Files
repmgr/doc/repmgr-node-check.xml
Ian Barwick 3870768d80 Add --repmgrd option to "repmgr node check"
This provides a simple way for checking whether the node's repmgrd is
running.

GitHub #719.
2021-09-28 09:46:31 +09:00

309 lines
9.3 KiB
XML

<refentry id="repmgr-node-check">
<indexterm>
<primary>repmgr node check</primary>
</indexterm>
<refmeta>
<refentrytitle>repmgr node check</refentrytitle>
</refmeta>
<refnamediv>
<refname>repmgr node check</refname>
<refpurpose>performs some health checks on a node from a replication perspective</refpurpose>
</refnamediv>
<refsect1>
<title>Description</title>
<para>
Performs some health checks on a node from a replication perspective.
This command must be run on the local node.
</para>
<note>
<para>
Currently &repmgr; performs health checks on physical replication
slots only, with the aim of warning about streaming replication standbys which
have become detached and the associated risk of uncontrolled WAL file
growth.
</para>
</note>
</refsect1>
<refsect1>
<title>Example</title>
<para>
Execution on the primary server:
<programlisting>
$ repmgr -f /etc/repmgr.conf node check
Node "node1":
Server role: OK (node is primary)
Replication lag: OK (N/A - node is primary)
WAL archiving: OK (0 pending files)
Upstream connection: OK (N/A - is primary)
Downstream servers: OK (2 of 2 downstream nodes attached)
Replication slots: OK (node has no physical replication slots)

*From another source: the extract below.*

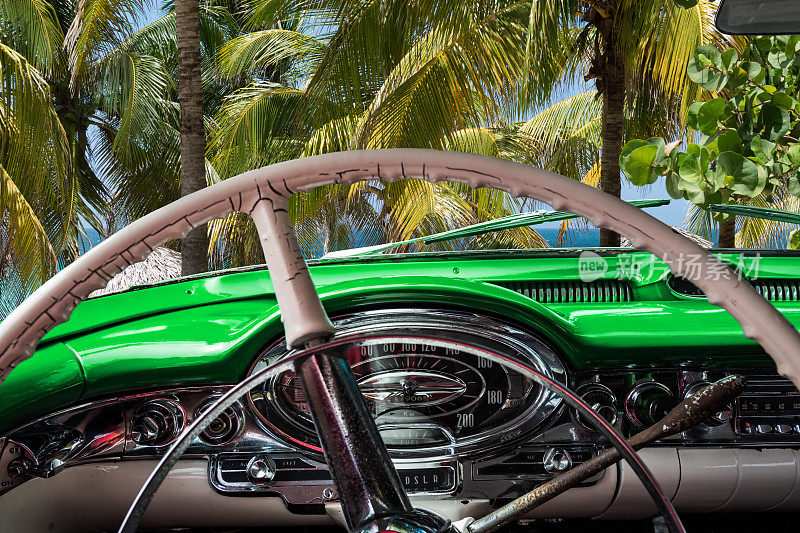 美国绿色Cabriolet经典轿车内饰前海滩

Missing replication slots: OK (node has no missing physical replication slots)
Configured data directory: OK (configured "data_directory" is "/var/lib/postgresql/data")</programlisting>
</para>
<para>
Execution on a standby server:
<programlisting>
$ repmgr -f /etc/repmgr.conf node check
Node "node2":
Server role: OK (node is standby)
Replication lag: OK (0 seconds)
WAL archiving: OK (0 pending archive ready files)

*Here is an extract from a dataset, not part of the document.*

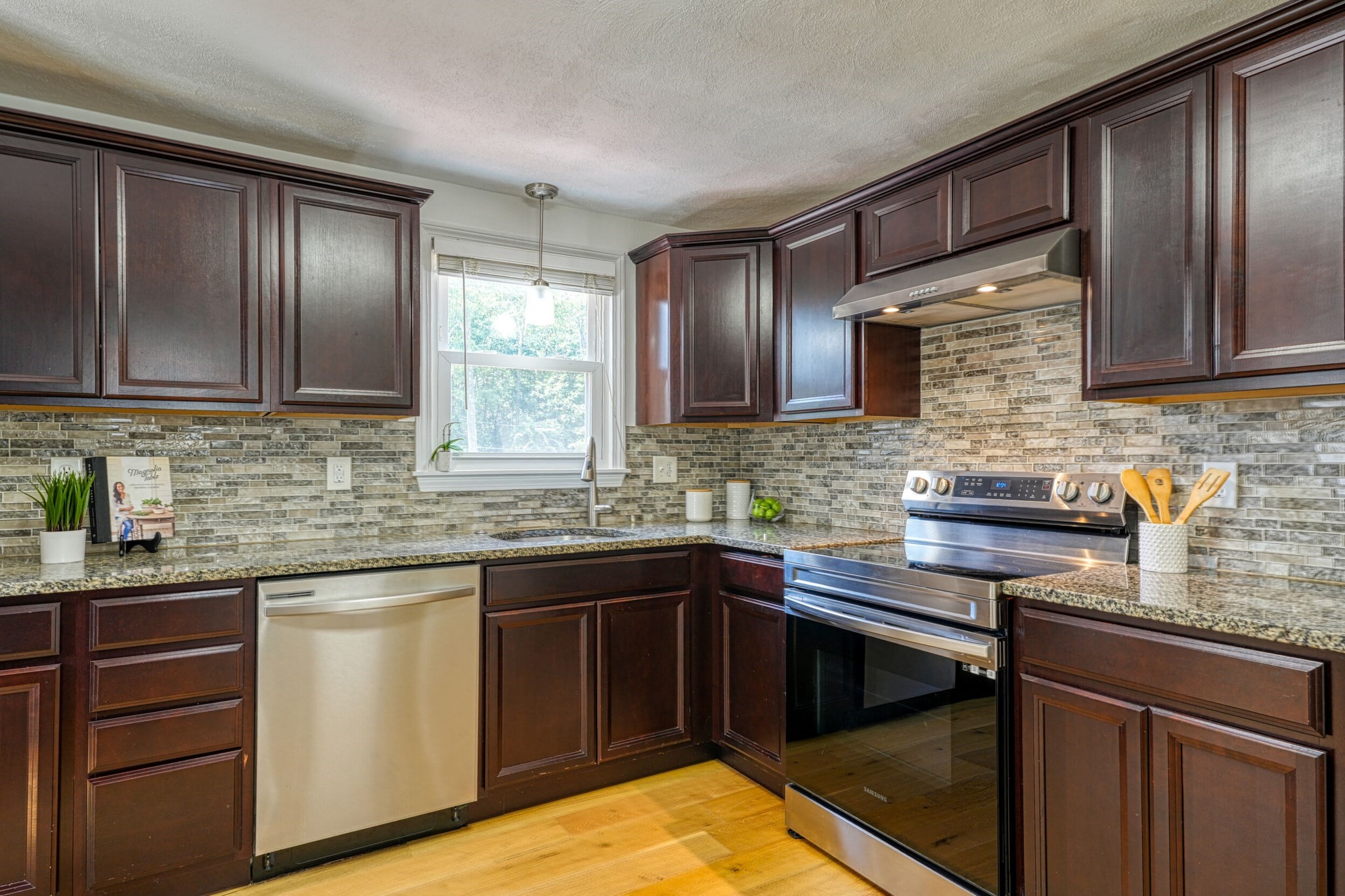 billerica - #73406636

Upstream connection: OK (node "node2" (ID: 2) is attached to expected upstream node "node1" (ID: 1))
Downstream servers: OK (this node has no downstream nodes)
Replication slots: OK (node has no physical replication slots)
Missing physical replication slots: OK (node has no missing physical replication slots)
Configured data directory: OK (configured "data_directory" is "/var/lib/postgresql/data")</programlisting>
</para>
</refsect1>
<refsect1>
<title>Individual checks</title>
<para>
Each check can be performed individually by supplying
an additional command line parameter, e.g.:
<programlisting>
$ repmgr node check --role
OK (node is primary)</programlisting>
</para>
<para>
Parameters for individual checks are as follows:
<itemizedlist spacing="compact" mark="bullet">
<listitem>
<simpara>
<option>--role</option>: checks if the node has the expected role
</simpara>
</listitem>
<listitem>
<simpara>
<option>--replication-lag</option>: checks if the node is lagging by more than
<varname>replication_lag_warning</varname> or <varname>replication_lag_critical</varname>
</simpara>
</listitem>
<listitem>
<simpara>
<option>--archive-ready</option>: checks for WAL files which have not yet been archived,
and returns <literal>WARNING</literal> or <literal>CRITICAL</literal> if the number
exceeds <varname>archive_ready_warning</varname> or <varname>archive_ready_critical</varname> respectively.
</simpara>
</listitem>
<listitem>
<simpara>
<option>--downstream</option>: checks that the expected downstream nodes are attached
</simpara>
</listitem>
<listitem>
<simpara>
<option>--upstream</option>: checks that the node is attached to its expected upstream
</simpara>
</listitem>
<listitem>
<simpara>
<option>--slots</option>: checks there are no inactive physical replication slots
</simpara>
</listitem>
<listitem>
<simpara>
<option>--missing-slots</option>: checks there are no missing physical replication slots
</simpara>
</listitem>
<listitem>
<simpara>
<option>--data-directory-config</option>: checks the data directory configured in
<filename>repmgr.conf</filename> matches the actual data directory.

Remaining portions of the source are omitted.